あなたが居なければ、今の私は、ここに居ない。
それも、確信しています」
「だから。
ルヴァンの統治。お任せします」
エリシアは決然と。
オルウェンを見下ろしていた。
「……陛下の御心のままに」
恭しく礼をして、オルウェンは退室する。
最後まで、完璧な振る舞いだった。
**
「エリシア陛下」
クラウスが、台車を引きながら、
部屋へ戻ってくる。
「クラウスさん?……それは?」
「書類です。
優先順位が高いものを選んできました。
エリシア陛下のご裁決を頂きたく。」
「高いもの、って……」
うず高く積まれた書類を前に、
エリシアが言葉を詰まらせる。
「陛下は、一日で終わらせていましたよ?」
クラウスの言葉に、エリシアは絶句する。
無理だ。
その様子を見かねて、遼が口を出した。
「おいおい……。皇帝って人間なのか?
エリシア、まぁ、頑張れ」
「何を言っているのですか?」
遼の言葉を、クラウスが鋭く遮る。
「この書類の中には、軍務に関連するものも多い。
リョウ殿にも、目を通して頂きますよ」
よく見ると、書類には、
几帳面にふせんが付けられている。
赤いふせん。
軍務に関連するものは、特に分厚い。
「……マジで?」
「大真面目です。
指揮系統の再編。糧食の管理。都市の治安維持。
どれも、最優先で対応が必要です」
クラウスは、
残酷な現実を口にする。
「……はぁ。
少しは成長したと思っていたのですが、
二人とも、まだまだ、ですね」
ミレイユは、額を揉んだ。
**
夜。
「やっと終わった……」
遼たちは、離宮の廊下から、
街を見下ろしていた。
日は沈み、廊下を吹き抜ける風は、
少しだけ冷たい。
「クラウスさんの視線。
あれ、何人かの文官を殺してるって……」
「あはは……」
遼の愚痴に、エリシアは思わず苦笑する。
「笑いごとではありません。
あれでも、まだ半分は残っていると、
クラウス閣下が嘆いておられたではありませんか」
ミレイユが真面目な顔で、釘をさす。
「で、でも」
「『でも』と言っても、時間は待ってくれません。
……私たちは、乗り越えたのですから」
そう言い、
ミレイユは、廊下の奥にある、
主の消えた居室へ目を向けた。
風が、廊下を吹く。
エリシアの金髪が、揺れた。
「……私は」
零すように、エリシアが口を開いた。
「王として、上手くやっていけるのでしょうか」
「そりゃあ無理だろ」
遼が、即答した。
訝しむように、
エリシアとミレイユが見る。
「俺たちには、何もかも足りてない。
時間も、経験も。
そんな状態で上手くやる、なんて不可能だ」
遼は、続ける。
「……それでも」
「足りない中で。
必死に考えて、無様に躓いて。
今までだってそうしてきただろ?
……それに」
遼は、二人の顔を、
確かめるようにゆっくりと見た。
「俺たちは一人じゃない。
三人なら、きっと。
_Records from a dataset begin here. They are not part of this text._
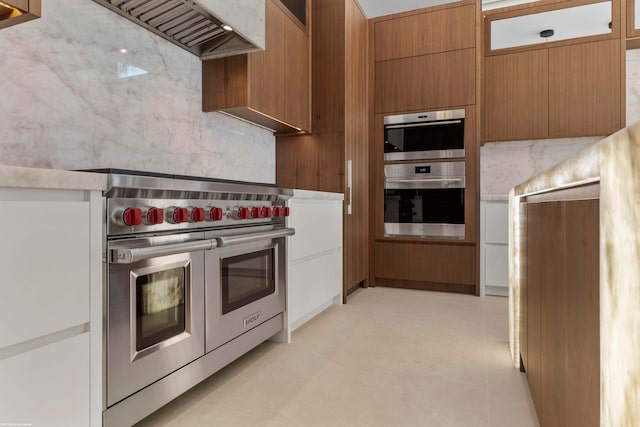 kitchen with stainless steel appliances, tasteful backsplash, light tile patterned flooring, and premium range hood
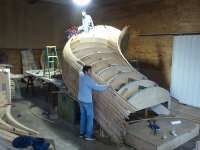 Lengths of solid bent oak that are 1 inch square are strip planked to form the hull. Later, this will be ground smooth and faired out like a yacht hull
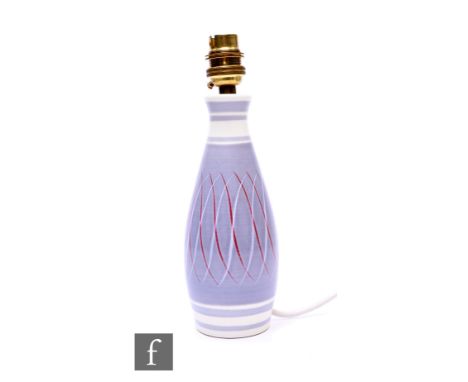 Alfred Rhead - Poole Pottery - A Freeform PRP lamp base, circa 1950, of slender inverted baluster form, decorated with red an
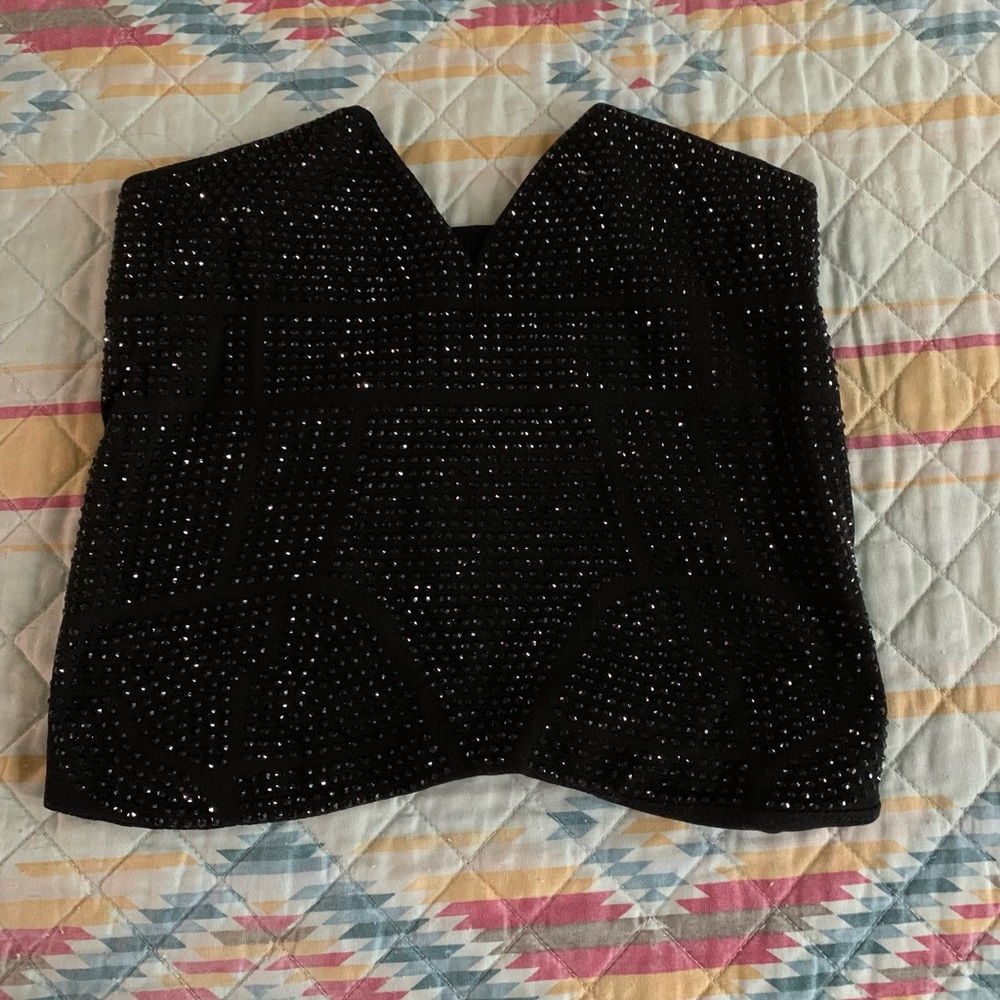 Never worn, small, strapless spark top.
もっと沢山の人がいれば、もっと。
……空から偉そうに見下ろしているヤツもいるんだ」
遼は、空を見上げる。
「俺たちで、見せてやろう。
この世界は、絶望するにはまだ早い。
手を伸ばし続けた先に、何かが変えられるんだ、ってな」
夜空は深く、暗い。
それでも、目を凝らすと。
小さな星の明かりが、三つ。
確かに、瞬いていた。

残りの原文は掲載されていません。